§ EXERCISE OBJECTIVE
Images should be omitted while the rest of the data is duplicated exactly.

§ STORED DATA
══════════

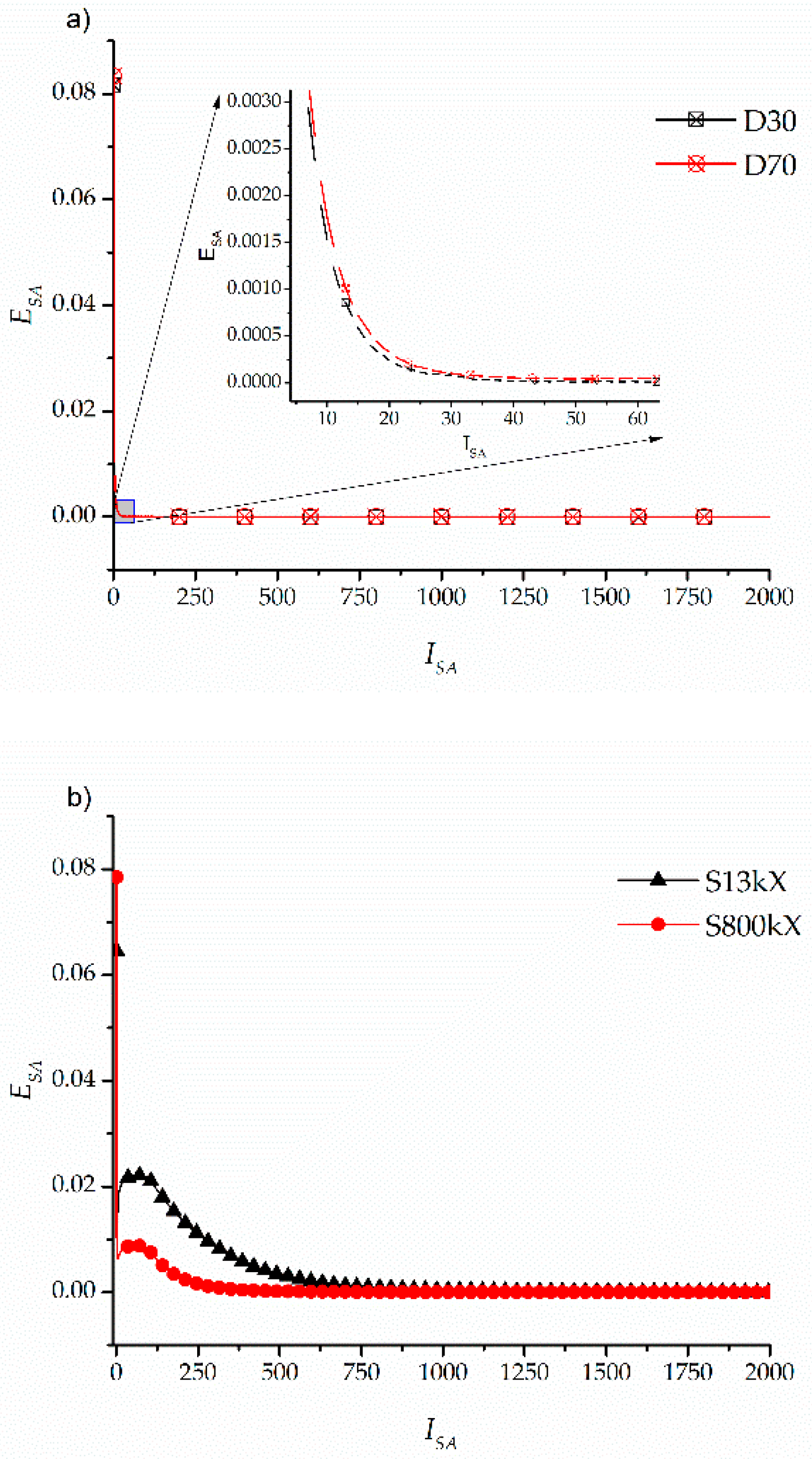 Crystals 10 00423 g006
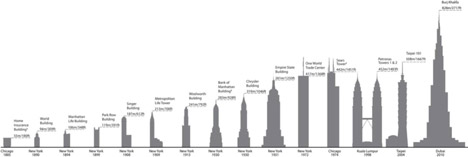 Science-fiction author proposes 20-kilometre skyscraper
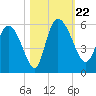 Willtown Bluff tide chart for Tuesday, October 22, 2024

══════════

§ OUTPUT BELOW
 Crystals 10 00423 g006
 Science-fiction author proposes 20-kilometre skyscraper
 Willtown Bluff tide chart for Tuesday, October 22, 2024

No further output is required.